What you return must match, exactly, the lines running from the one containing "SamanthaLaurent live" to the end of the data, both included, and must contain no pictures.

#### SUPPLIED DATA:
*-*-*

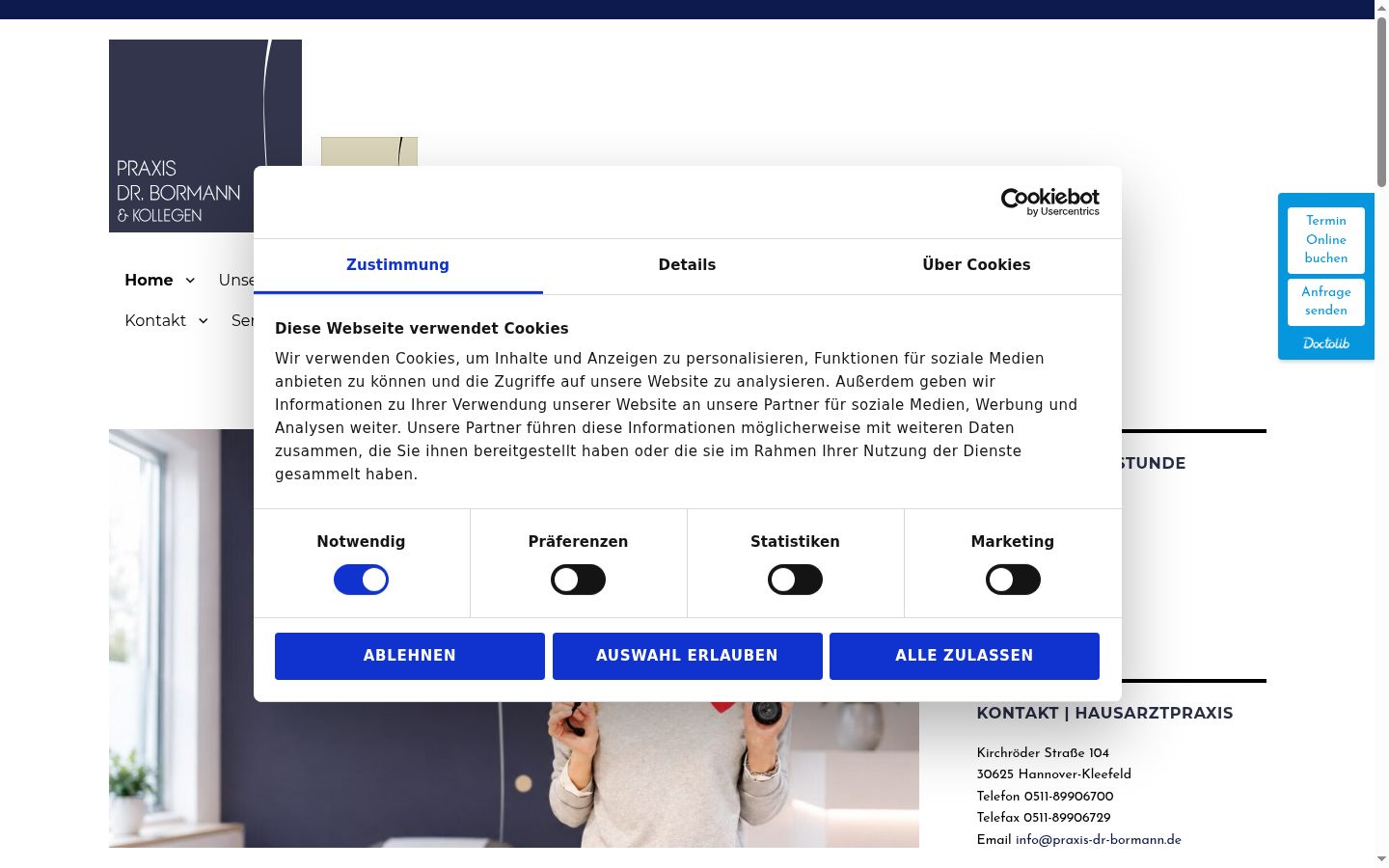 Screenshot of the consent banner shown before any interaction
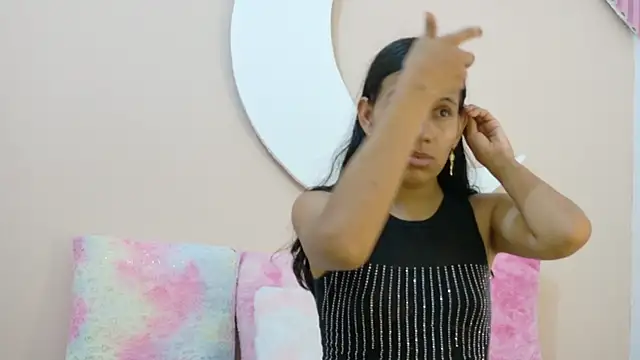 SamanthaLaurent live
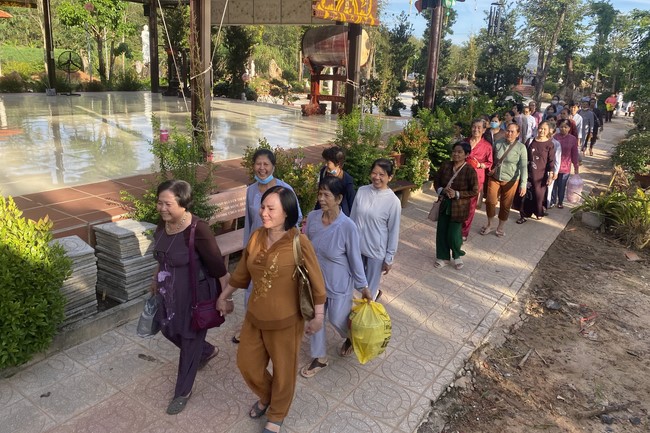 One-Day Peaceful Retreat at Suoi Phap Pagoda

*-*-*

#### REPLY:
 SamanthaLaurent live
 One-Day Peaceful Retreat at Suoi Phap Pagoda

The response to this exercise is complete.